In the records below, find the line containing "Geely Emgrand — миниатюра 9" and print it and every line after it exactly, through the end. Skip pictures.

DATA EXTRACTS:
_ _ _
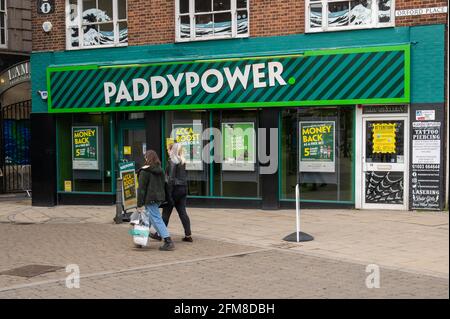 Paddy Power bookmakers su Orford Place Norwich City Foto Stock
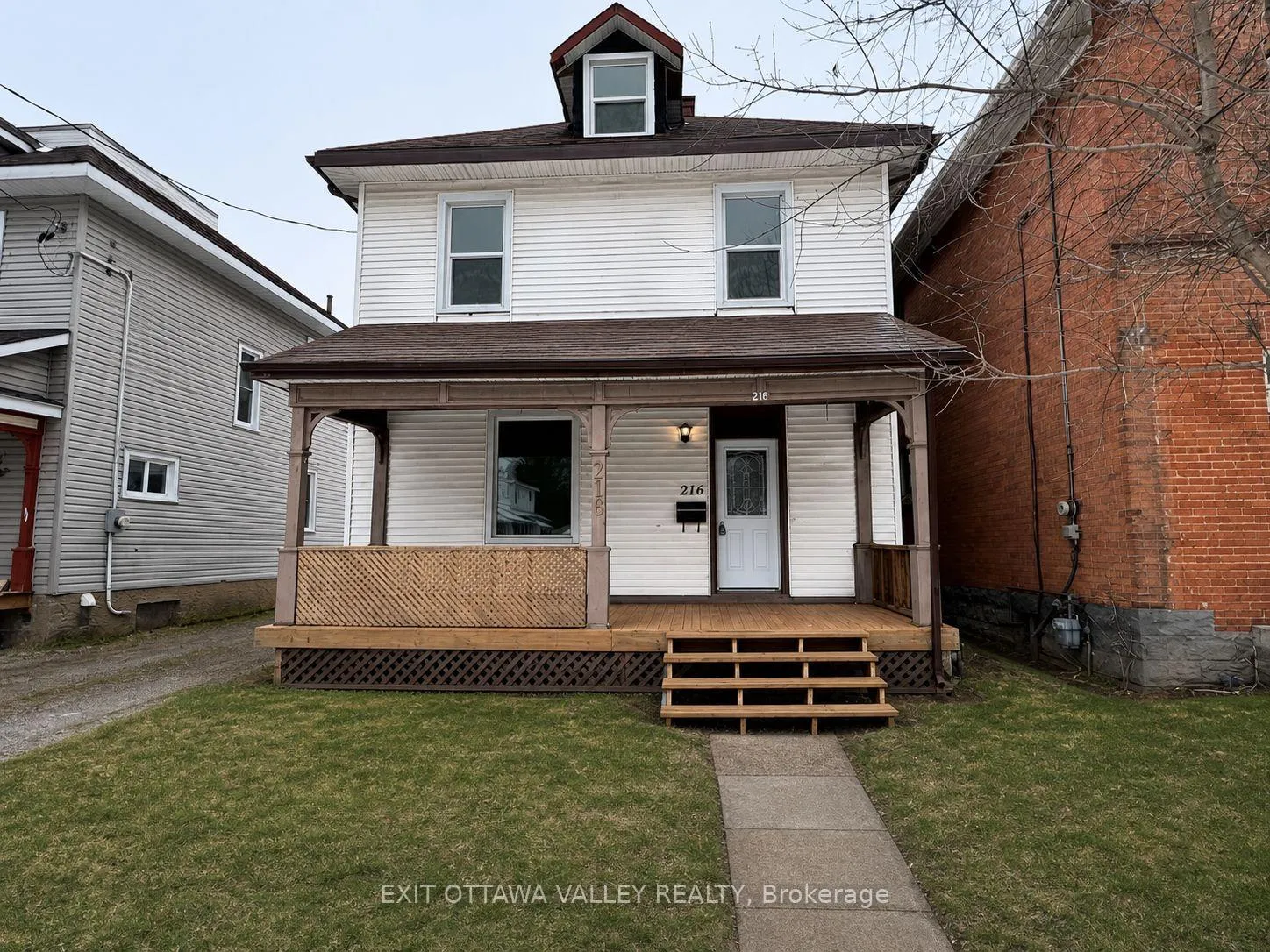 Front of 216 Mary Street
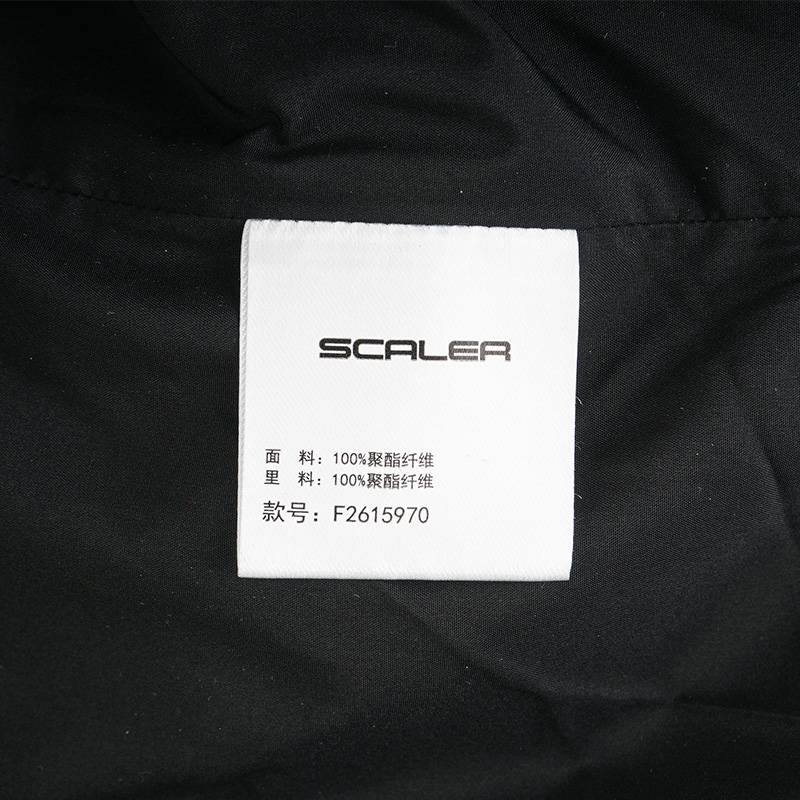 男子户外两层冲锋衣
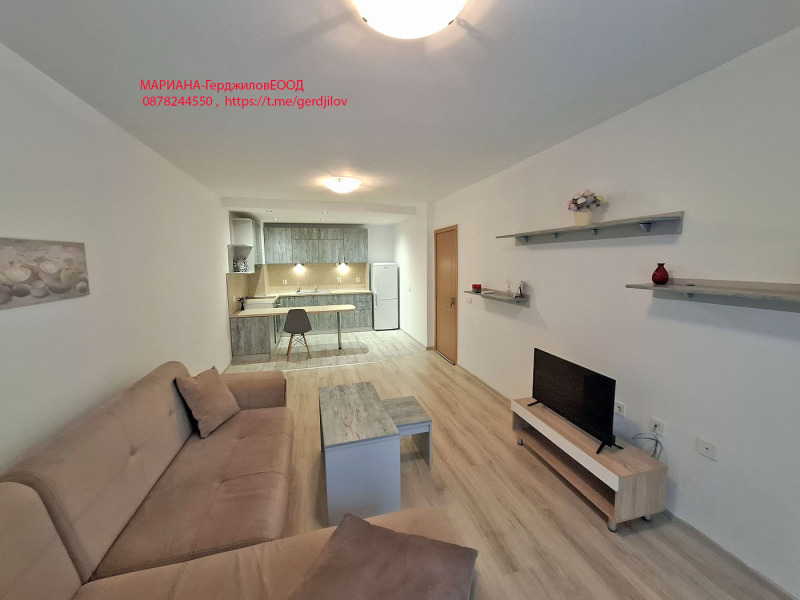 Te huur  1 slaapkamer Plovdiv , Vastanitsjeski , 75 m² | 82778303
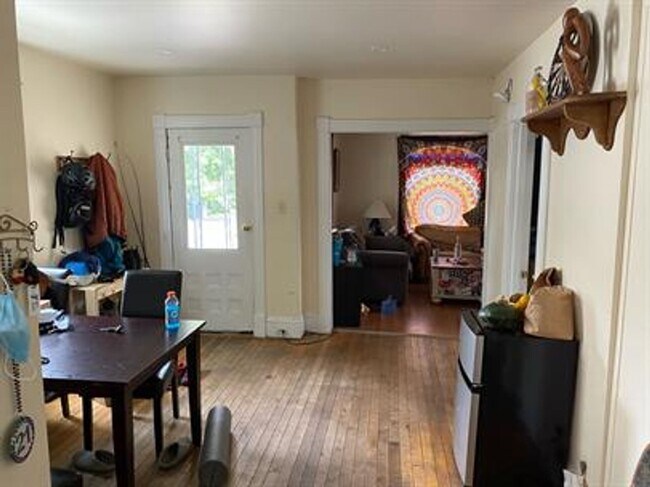 12 Russell St Unit A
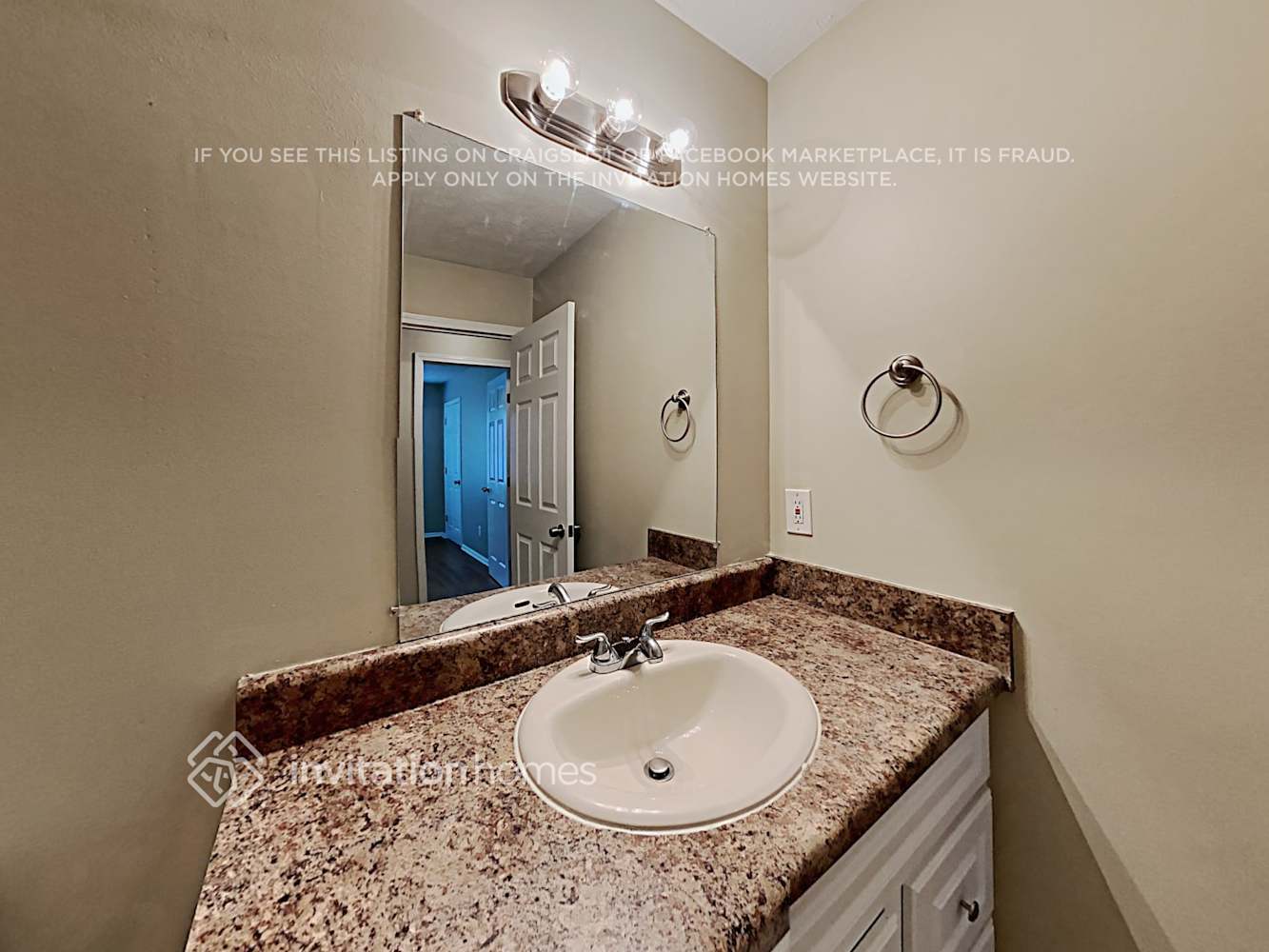 Building Photo - 1400 Glynn Oaks Dr SW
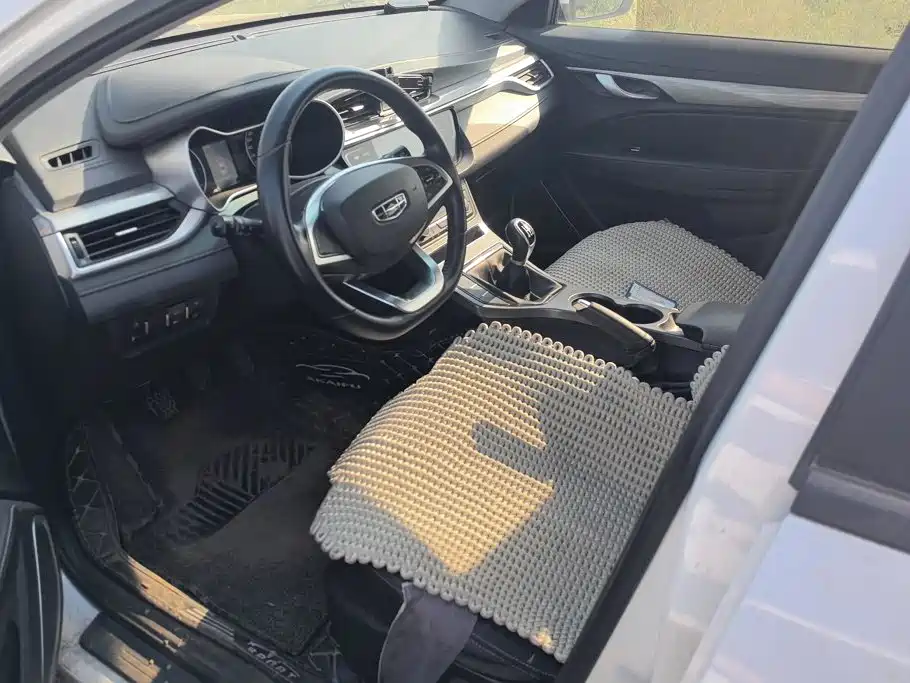 Geely Emgrand — миниатюра 9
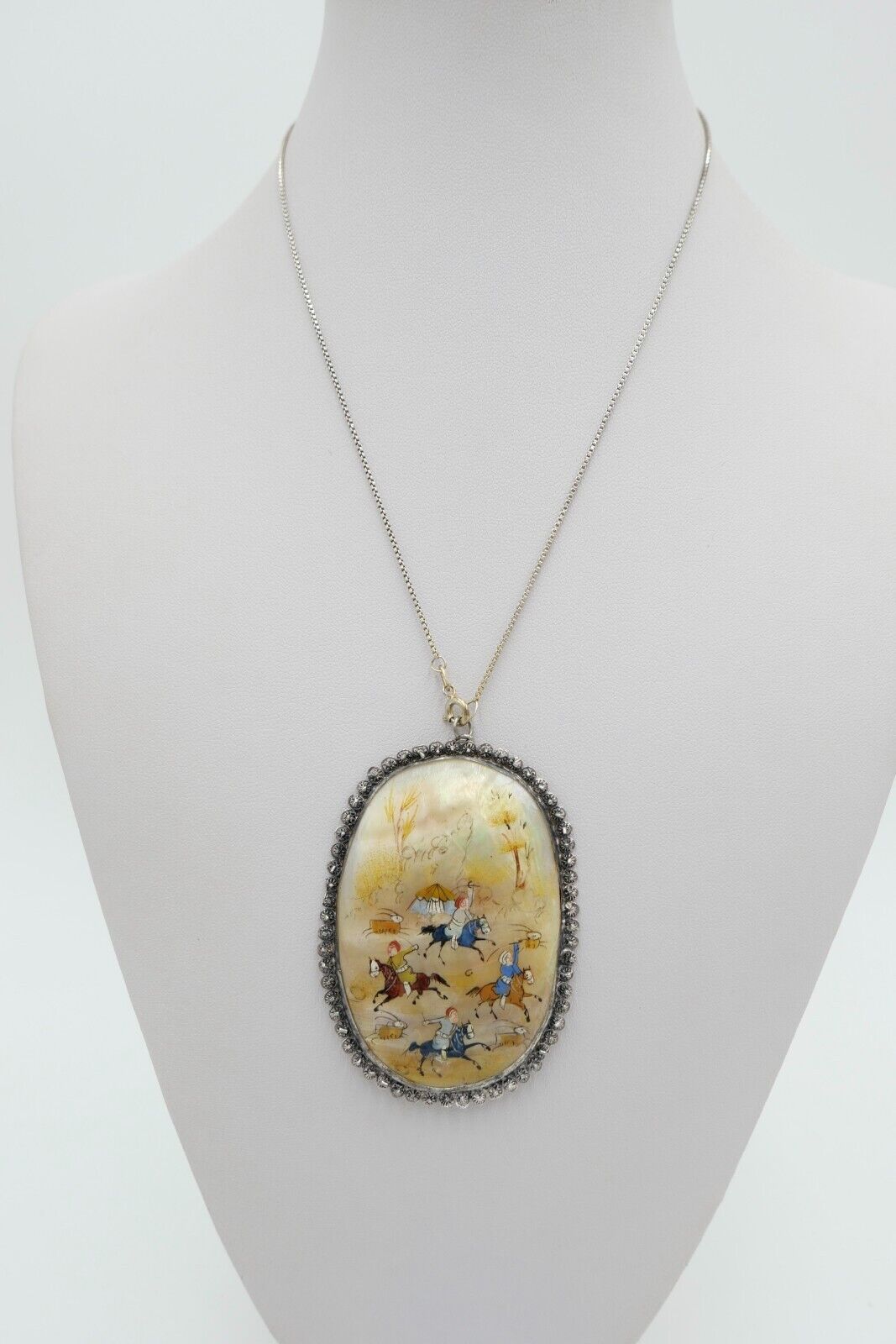 Großer Antiker Perlmutt Silber Anhänger Persisch - Orient Kampfszene um 1900 - Antikhandel-Stuttgart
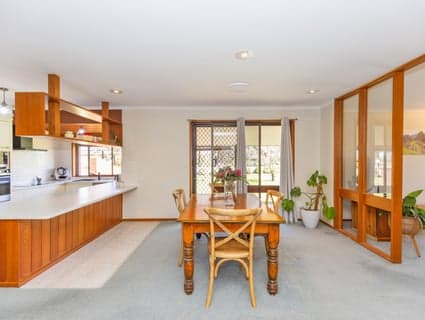 10 Oswin Road, Beverford - Thumbnail 7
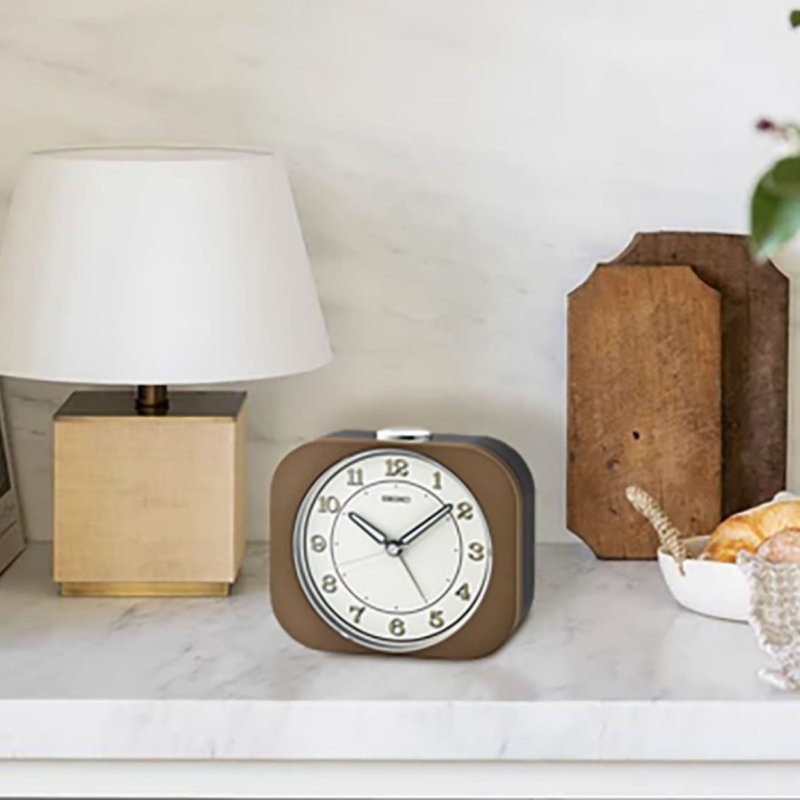 QHE195BLH Alarm Clock, Brown, Brown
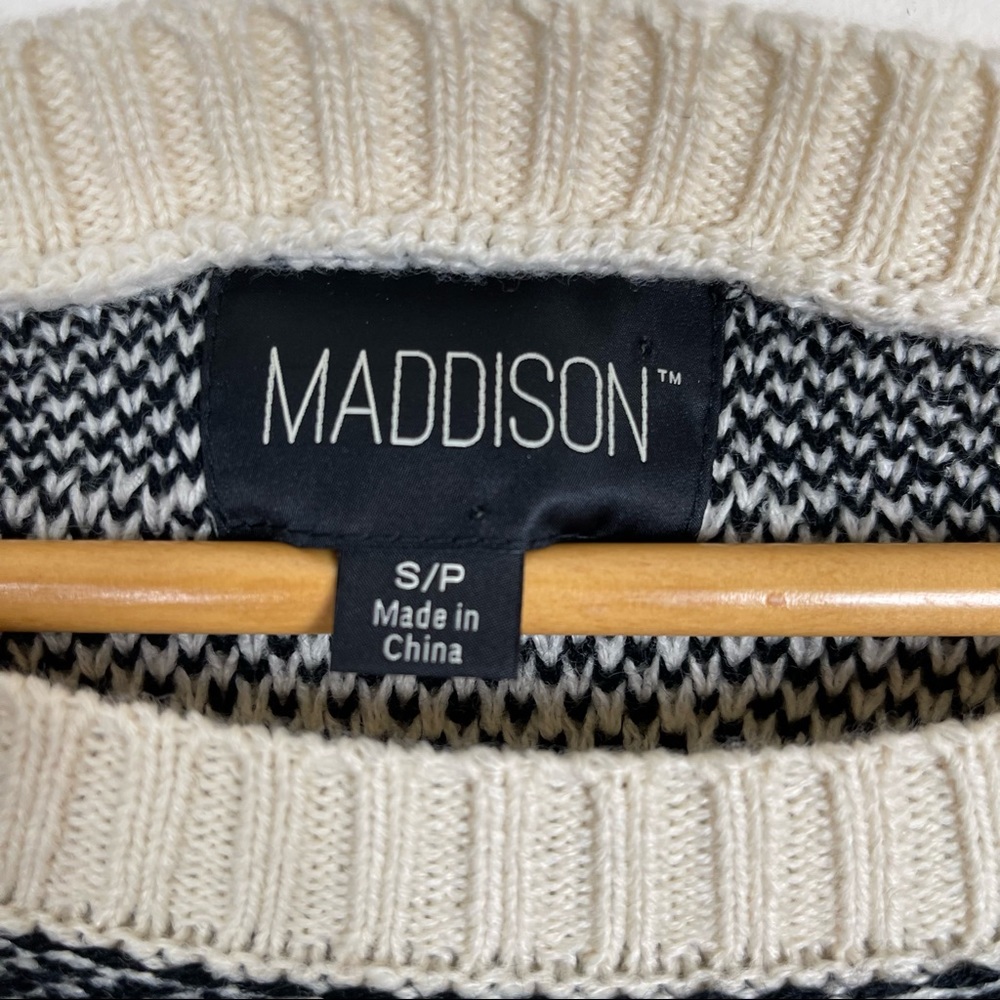 Maddison Tribal Shapes Off White and Gray Sweater Size Small - Picture 9 of 10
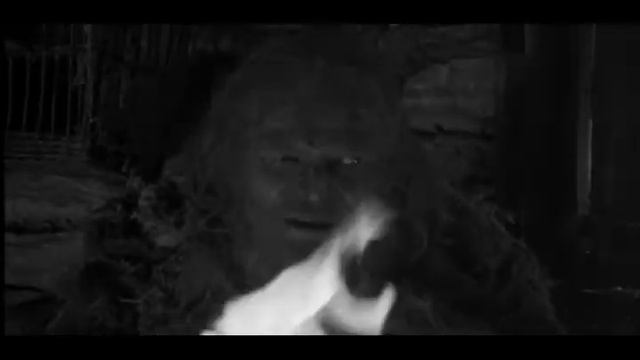 Monty Python meets 007 in the Quest for the Holy Grail смотреть онлайн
_ _ _
THE COMPLETED TASK:
 Geely Emgrand — миниатюра 9
 Großer Antiker Perlmutt Silber Anhänger Persisch - Orient Kampfszene um 1900 - Antikhandel-Stuttgart
 10 Oswin Road, Beverford - Thumbnail 7
 QHE195BLH Alarm Clock, Brown, Brown
 Maddison Tribal Shapes Off White and Gray Sweater Size Small - Picture 9 of 10
 Monty Python meets 007 in the Quest for the Holy Grail смотреть онлайн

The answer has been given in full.